Dam Construction

In the six and a half years that elapsed between the groundbreaking ceremony of April, 1967 and Keowee / Toxaway’s formal dedication of October 1973, unbelievable activity took place. Central to the plan was the construction of three dams. Two of these were required to impound water that would become Lake Keowee, a body of water with a surface area of 18,400 acres at full pond and boasting a 300 mile shoreline. Of both acreage and shoreline, an estimated 75% lies within Oconee County. Elevation is 800 feet above sea level, 140 feet above neighboring Lake Hartwell.

Keowee Dam was constructed on Keowee River, near Old Pickens, just above Lake Hartwell’s full pond. The Newry Dam was constructed on Little River, near Newry, again just beyond Hartwell’s reach. Natural topography provided a situation where each of the dams created its own lake, a situation that was resolved by the construction of a connecting canal, located in the general vicinity of the Keowee Dam.

During these construction years, all ‘soon to be submerged’ basins, were cleared. Wells were filled in, obstructions smoothed out, timber as well as brush totally cleared out or burned, cemeteries relocated, buildings moved or destroyed etc.

Jocassee Dam was constructed on the Keowee River, about 13.5 miles along the thread of the old riverbed, upstream from the Keowee Dam. Lake Jocassee resulted; a paradise with 7,500 acres of surface water and elevation of 1100 feet above sea level, of which, well over half are in Oconee.

Keowee’s Hydro Station, three silo type buildings housing Babcock & Wilcox nuclear reactors and various lessor construction took place at the Keowee Dam site. Jocassee’s Pumped Storage Station, including two 33.5 foot diameter, concrete lined tunnels, completed the Jocassee site.

The project, by its 1973 dedication, was well on its way to becoming the world’s largest operating nuclear power plant, an achievement that would be reached a year later.


Bad Creek Pumped Storage Project

Duke Power’s Bad Creek Hydroelectric Station is located about eight miles north of Salem, just above the backwaters of Lake Jocassee. While it is the Company’s 27th hydrolectric station, it is the largest on the Duke system. It is also only their second pumped-storage hydro facility. Construction of the dam and hydroelectric station began in 1982, and while not originally a part of the Keowee/Toxaway Project, it’s role as one of two pumped-storage facilities fills a vital role in the overall project. The hydro station, or power house, is a marvel. Constructed inside a mountain, the station generates power as water is released from the upper storage reservoir, Bad Creek, through the station, and discharged into the lower lake, Jocassee. This is accomplished by the use of an underground tunnel, thirty feet in diameter and three-quarters of a mile long.
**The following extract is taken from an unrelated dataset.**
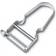 Victorinox Star Potatisskalare 11cm
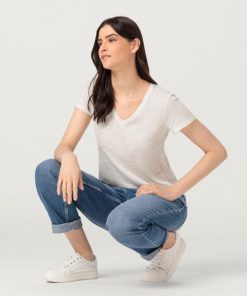 Newharm.shop29371e19d2 5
During off-peek hours, when demand for power is low, water is pumped from the lower reservoir back to the upper reservoir for storage and future electrical generation, hence the term ‘pump storage’. Pumped-storage-generation, albeit ingenious, was not a new concept at the time of construction. As early as 1916, Richard Pfaehler, a Prussian engineer recruited by James B. Duke, advocated a pumped-storage generating unit in what was later to become the Keowee-Toxaway Project. With Bad Creek at full pond and generating with all four units, power can be generated for twenty-four hours as the lake is drawn down 160 feet. Thirty-two hours would then be required to pump water from Jocassee back into Bad Creek, re-establishing full pond.

Due to dangers resulting from extreme fluctuations of water levels, Bad Creek is not accessible to the public, although viewing ‘vantage points’ have been established. Periodically, guided tours of the underground power plant have also been conducted.